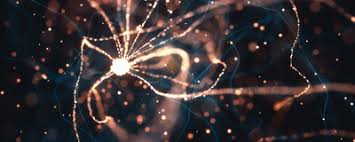 Most cells are 20 micrometers in What Do New Neurons In The Brains Of Adults Actually Do The Scientist Magazine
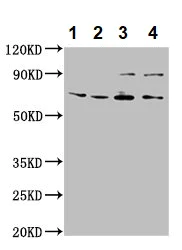 Western blot - Anti-ALG9 antibody (AB235083)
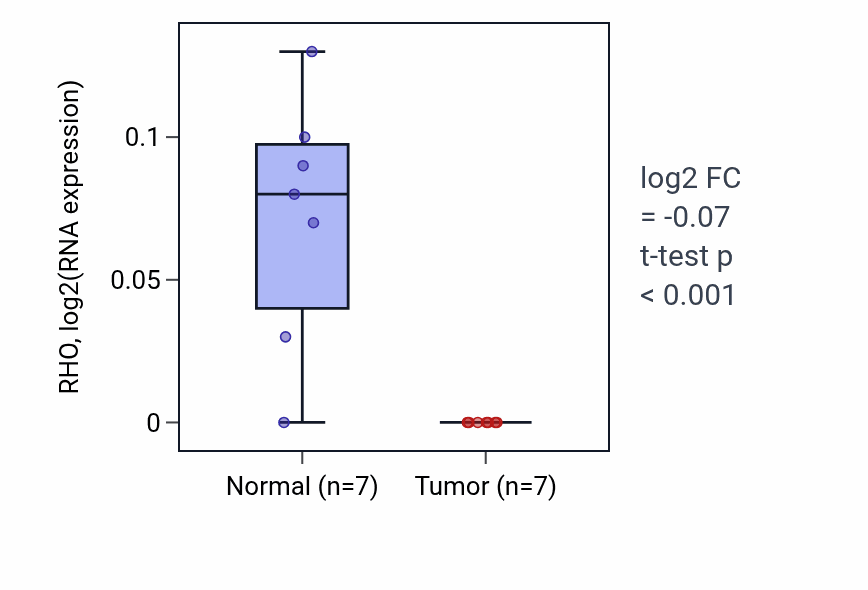 Tumor-vs-normal expression box plot for RHO RNA in KICH.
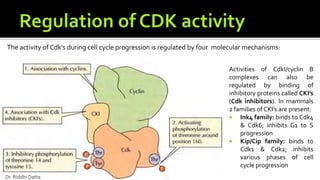 The activity of Cdk's during cell cycle progression is regulated by four molecular mechanisms:
Activities of CdkI/cyclin B
complexes can also be
regulated by binding of
inhibitory proteins called CKI’s
(Cdk inhibitors). In mammals
2 families of CKI’s are present:
 Ink4 family: binds to Cdk4
& Cdk6; inhibits G1 to S
progression
 Kip/Cip family: binds to
Cdk1 & Cdk2; inhibits
various phases of cell
cycle progression
Dr. Riddhi Datta
 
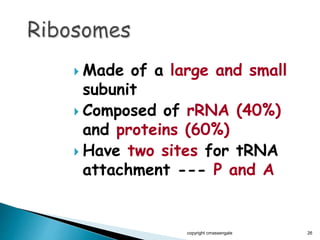  Made of a large and small
subunit
 Composed of rRNA (40%)
and proteins (60%)
 Have two sites for tRNA
attachment --- P and A
copyright cmassengale 26
 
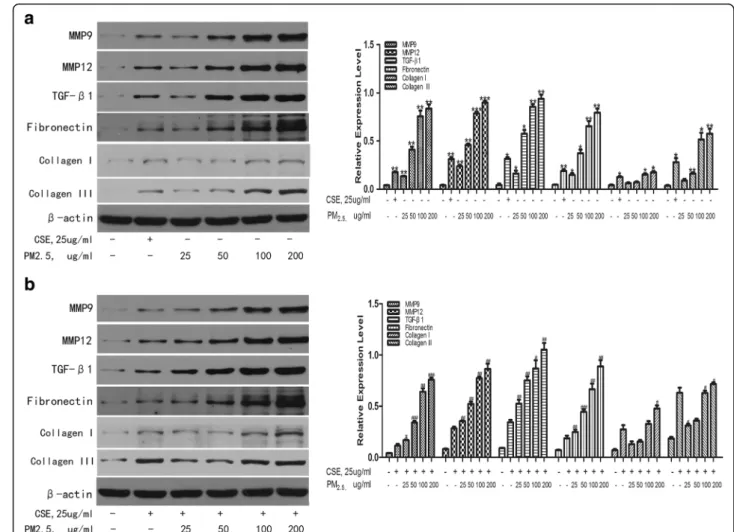 Fig. 3 Effects of PM 2.5 on the protein expression levels of MMPs, TGF- β1, fibronectin and collagen proteins
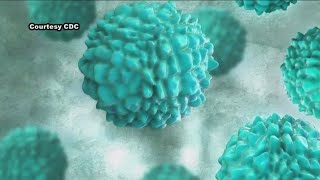 Norovirus cases on the rise How to protect yourself [upl. by Woothen759]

*****

[Your goal] Beginning with the line holding "The activity of", copy each line exactly through the end of the records above, and leave every picture out.

[Response to this task]
 The activity of Cdk's during cell cycle progression is regulated by four molecular mechanisms:
Activities of CdkI/cyclin B
complexes can also be
regulated by binding of
inhibitory proteins called CKI’s
(Cdk inhibitors). In mammals
2 families of CKI’s are present:
 Ink4 family: binds to Cdk4
& Cdk6; inhibits G1 to S
progression
 Kip/Cip family: binds to
Cdk1 & Cdk2; inhibits
various phases of cell
cycle progression
Dr. Riddhi Datta
 
  Made of a large and small
subunit
 Composed of rRNA (40%)
and proteins (60%)
 Have two sites for tRNA
attachment --- P and A
copyright cmassengale 26
 
 Fig. 3 Effects of PM 2.5 on the protein expression levels of MMPs, TGF- β1, fibronectin and collagen proteins
 Norovirus cases on the rise How to protect yourself [upl. by Woothen759]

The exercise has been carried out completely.